Ricardo Della Colleta - O Estado de S. Paulo

26 Janeiro 2014 | 19h 20

'Estado' revelou que presidente passou o sábado num dos hoteis mais caros da cidade depois de sair da Suíça

BRASÍLIA - A Secretaria de Comunicação Social da Presidência da República divulgou neste domingo, 26, uma nota na qual argumenta que a passagem da comitiva da presidente Dilma Rousseff por Lisboa foi "uma escala técnica obrigatória". O Planalto afirmou que o avião presidencial não tem autonomia suficiente para realizar um voo direto entre Zurique, na Suíça, e Havana, em Cuba. "A opção por Lisboa foi a mais adequada, já que se trata do aeroporto mais a oeste no continente europeu com possibilidades de escala técnica", diz o documento.

Neste sábado, o Estado revelou que Dilma e sua comitiva, que estavam na Suíça para o Fórum Econômico Mundial, passaram o sábado em Lisboa e ocuparam 45 quartos em dois dos mais caros hotéis da cidade, com custo estimado de mais de R$ 71 mil. A diária da suíte ocupada por Dilma no hotel Ritz em Lisboa custa R$ 26 mil. Na noite de sábado, ela saiu para jantar no restaurante Eleven, com vista privilegiada sobre o rio Tejo.

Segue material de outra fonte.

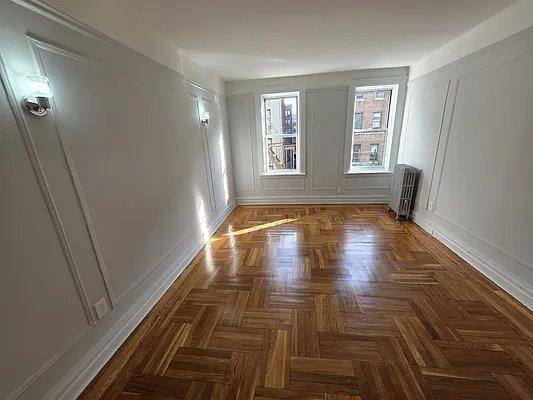 Apartment for rent at 233 W St #3E, Bronx, NY 10463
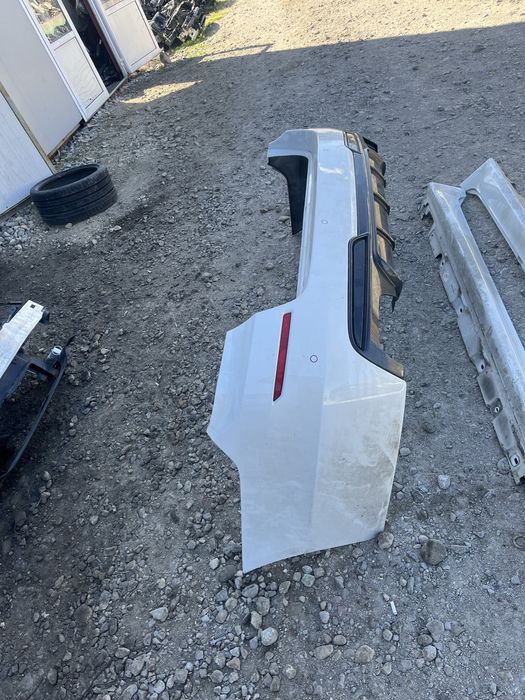 Задна м броня и прагове бмв 5 ф11 ( zadna M bronq i pragove bmw f11 )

A passagem da presidente por Portugal não estava na agenda oficial divulgada inicialmente. Ela deixou a capital portuguesa na manhã deste domingo e já pousou em Cuba, onde inaugura um porto erguido com investimento brasileiro e também participa da II Cúpula da Comunidade de Estados Latino-Americanos e Caribenhos (Celac).

Na nota, a Secretaria de Comunicação Social da Presidência diz ainda que Dilma chegou a Lisboa por volta das 17h30 de sábado e apenas pernoitou na cidade. "A decisão de fazer um voo diurno foi tomada pela Aeronáutica a partir da avaliação das condições meteorológicas, que permitiram que o trecho Lisboa-Havana fosse coberto no domingo em 9 horas e 45 minutos", concluiu a nota.